I read a recent post today, a post that told some uncomfortable truths about where media is heading, why, and what there is to be done about it (which is not much, at least not if the media industry is continuing down the road it is at the moment). Joshua Topolsky, of The Verge and Vox Media fame, is of the opinion that all of us in the content business are facing a pretty severe challenge:
Your problem is that you make shit. A lot of shit. Cheap shit. And no one cares about you or your cheap shit. And an increasingly aware, connected, and mutable audience is onto your cheap shit. They don’t want your cheap shit. They want the good shit. And they will go to find it somewhere. Hell, they’ll even pay for it.
Indeed. Huzzah! I wanted to shout as I read on. There are more good points in that post, so please head over to Medium and read it at your leisure.

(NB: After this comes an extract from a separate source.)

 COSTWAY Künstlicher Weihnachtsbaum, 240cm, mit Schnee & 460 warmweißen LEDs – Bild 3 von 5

But then what? If this is the case – that we are making crap shit when we should be making the good shit – where does that leave us? Well, firsto f all it depends quite a lot on who ”us” is. In a sense, it’s anyone trying to reach other people with stories, no matter what platform, and arguably is trying to make a living of some kind out of ut. This in turn is something that will not go away. People will tell stories and other people will want to hear those stories – sometimes they’ll even be willing to pay to hear them.
Storytelling and media therefore definitely have a future. It’s just going to be a future that is nothing like what we know now.

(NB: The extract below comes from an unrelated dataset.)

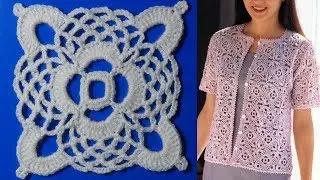 Жакет из квадратных мотивов крючком.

So how do we cope? Here are three things – the factors – that I believe will be crucial for each and every one of us in the content business. I believe these three things will make or break any one of us. Try it out – look to yourself. Do they apply, and how?
When I look at my content objectively, impassionately, what do I see? Do I find that people engage with what I do? Do they comment, do they contact in return, do they create something of themselves, do they debate in forums… do they even call me up personally? If I find them interacting and engaging – in what manner are they doing that in that case? Can I observe that they are engaging less with my content and more with other peoples’ content? Why?
My own engagement
If I focus on telling the absolute truth – am I actually really interested in the people that do engage? I mean not as ”audience”, as someone to broadcast to and tell stories to, but instead as fellow humans and perhaps more than that? Am I honestly and genuinely interested? Do I have plans for how to keep them engaged that don’t sound desperate?
Would I do this even if I didn’t get paid as much as I am today? Can I see myself doing this five, ten years from now? Do I still feel the best is yet to come from me? Do I get thrill and flutters in my stomach when an email arrives or a comment is writter or the phone rings? Am I excited?
If I can answer truthfully on all these questions, and find that the sum total of our answers add up to a whole that I feel has a place in the world I want to live in, then I believe I stand a chance.
If I don’t… well, the media business perhaps simply isn’t the right one for me.